A man I know, who was born in the Caribbean but has lived in Canada since he was eleven, was telling me about his recent Caribbean holiday. He said that the wind on his cheek and the smell of the sea felt like home to him.
A few days later I was shovelling my driveway. The snow had stopped, the stars were sparking in the night-time sky and tires squeaked as cars passed by. I thought: Winter is home to me. Toronto has had the sort of winter we used to have in Guelph when I was a boy. I vaguely recall the coldest temperature being –13F. In my memory there might have been more snow, but it has certainly been colder this season in Toronto.
Just as home arrived unbidden in my mind, so do my neighbours of those days. I’ve lived among lots of neighbours in numerous cities since, but I know that boyhood bunch best. There was Vic Burroughs who owned one of the first TVs. It was black and white but he’d bought a special piece of plastic to cover the screen that was supposed to produce a colour picture. The blue line on top and green across the bottom almost looked realistic if there was a cowboy riding a horse, but it didn’t work well for The Howdy Doody Show. His wife Hazel fed me my first piece of ice cream cake. No finer dessert have I tasted since.
Jimmy Gray wasn’t all there plus he had a speech impediment, the worst I’ve ever heard. I was one of the few who listened and it got so I could understand what he said. Then there was Rowlie Hillis, a dentist and a fisherman, who let me watch as he tied flies. Once when he and his wife were away, burglars broke in through a basement window. The door to the main floor was locked so the intruders gave up and broke another basement window to get back outside again. Burglars in Guelph were not that smart.

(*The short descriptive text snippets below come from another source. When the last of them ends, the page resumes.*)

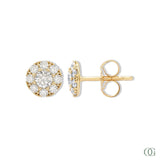 A pair of sparkling round diamond earrings with a gold-tone band and white gold mounting.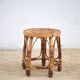 Vintage bamboo stool, woven rattan plant stand, interior decoration.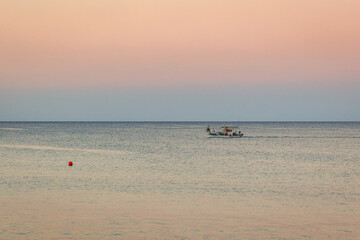 Fototapeta na wymiar Fish boat seen from shore in Protaras resort, Paralimni Municipality in Cyprus island country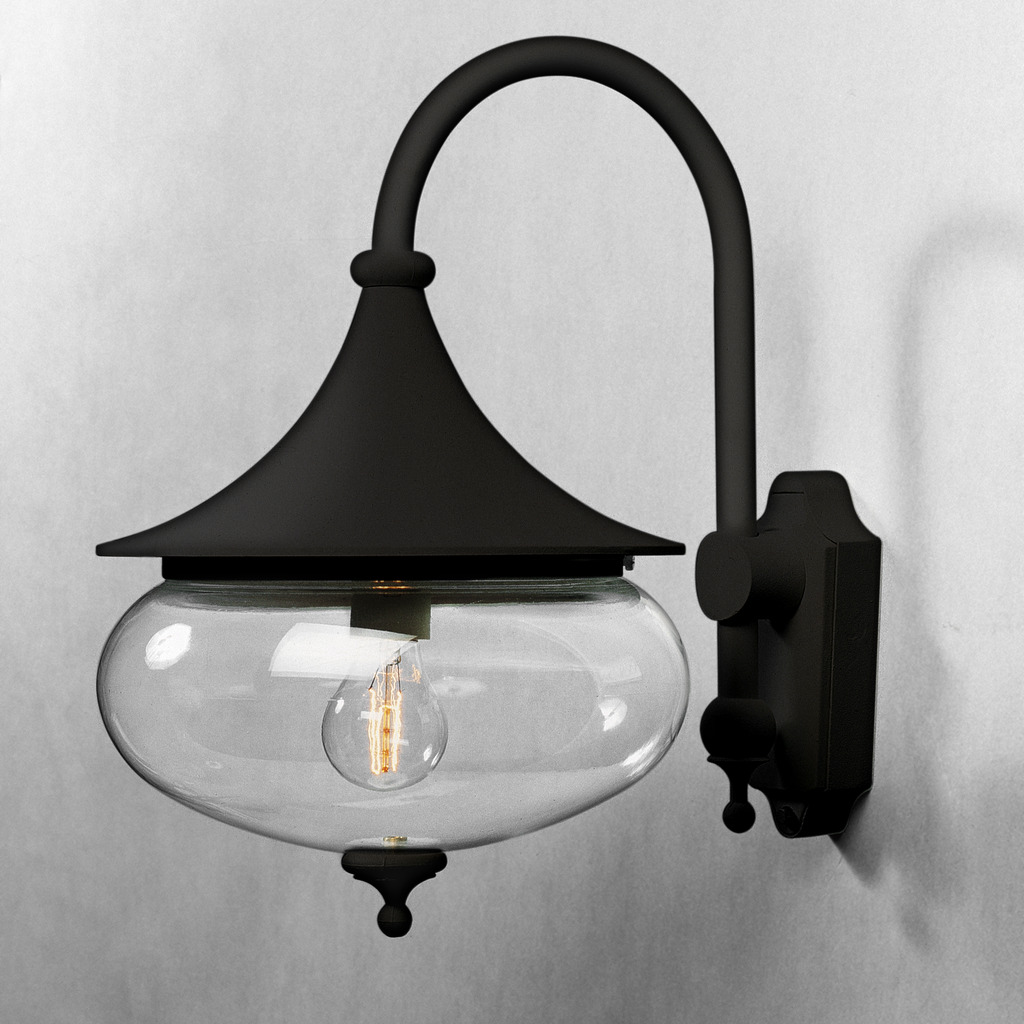Libra Zwart buitenlamp Van Konstsmide - De zachte vormen en de grote, heldere glazen kap van de lamp verspreiden een warm en aangenaam licht, wat een uitnodigende sfeer creëert in entrees of op patio's.
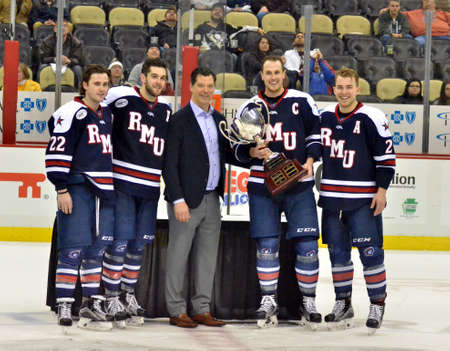 Former Pittsburgh Penguin and current assistaint general manager Billy Guerrin presents the winners...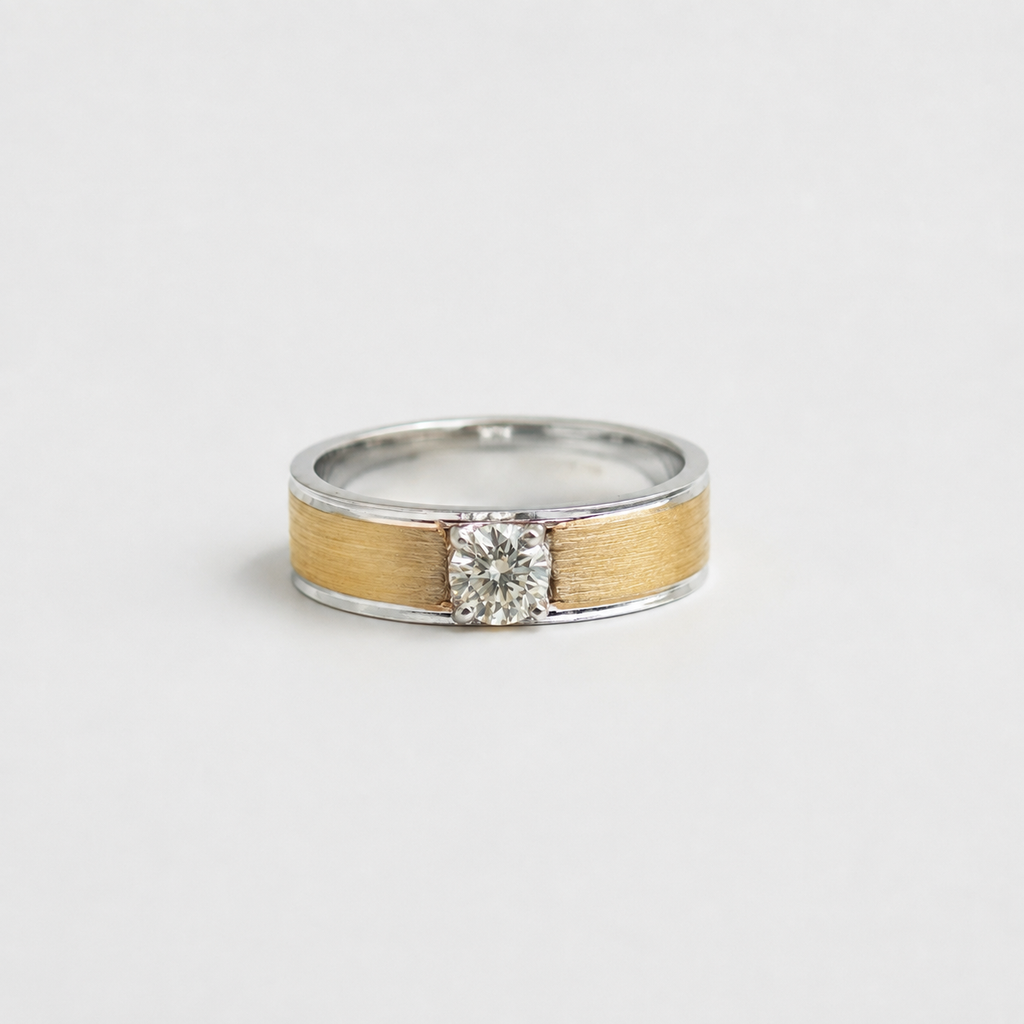 A two-tone ring with a brushed gold center band, silver-colored metal shoulders, and a round-cut clear gemstone, shown on a light gray background.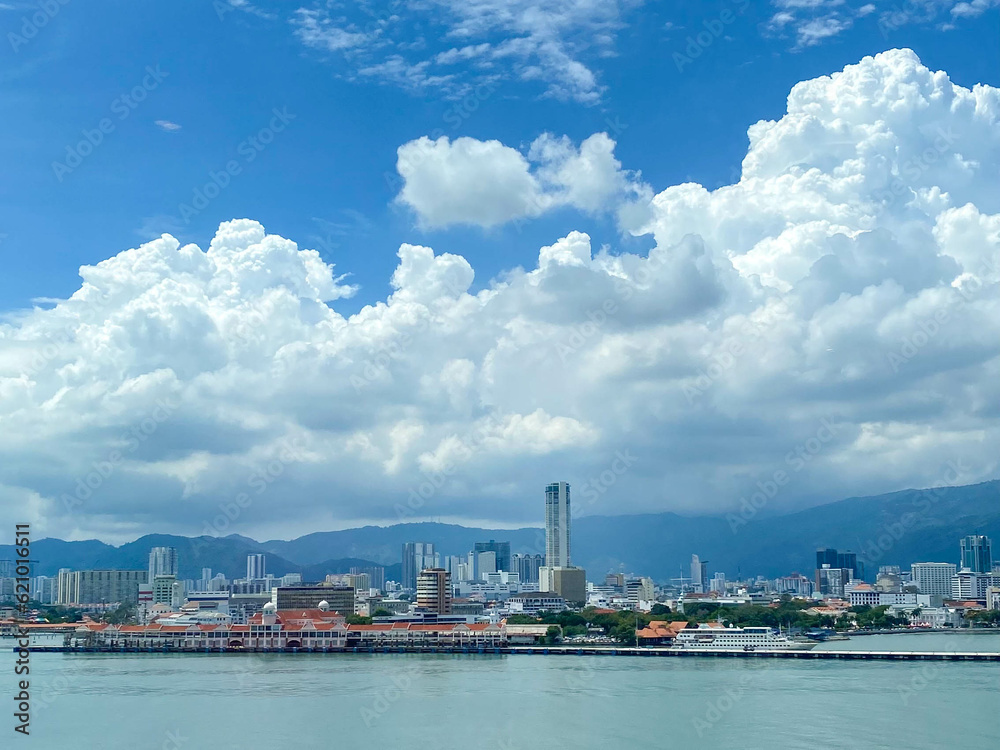 View of Penang city from sea with clear blue sky and white clouds, famous town in Malaysia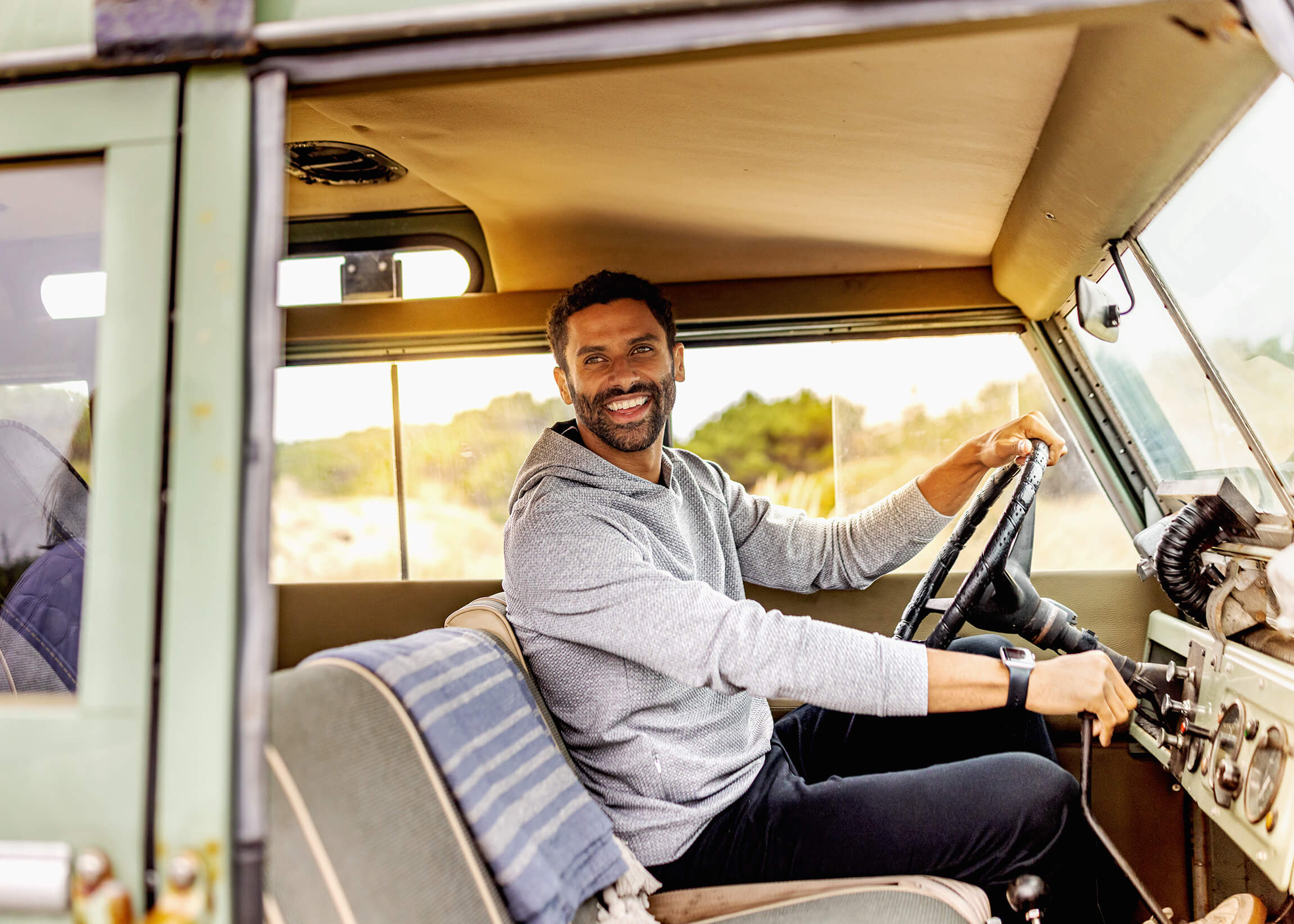 man stading at campsite in the cascade mountains-sleeping lady resort-cutter and buck- camping-outdoors-tent-estepworks commercial lifestyle photography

David Smith sold chickens so had crates of them on his pickup truck cackling at all hours. The Cuttens, who inherited wealth, were running out of money but still managed to live in the mansion across the park. Joe Wolfond, who began business with a pushcart, owned half of downtown. I could go up and down the streets and tell you more, but you get the idea. The further away you are, in time and place, the closer you get to home.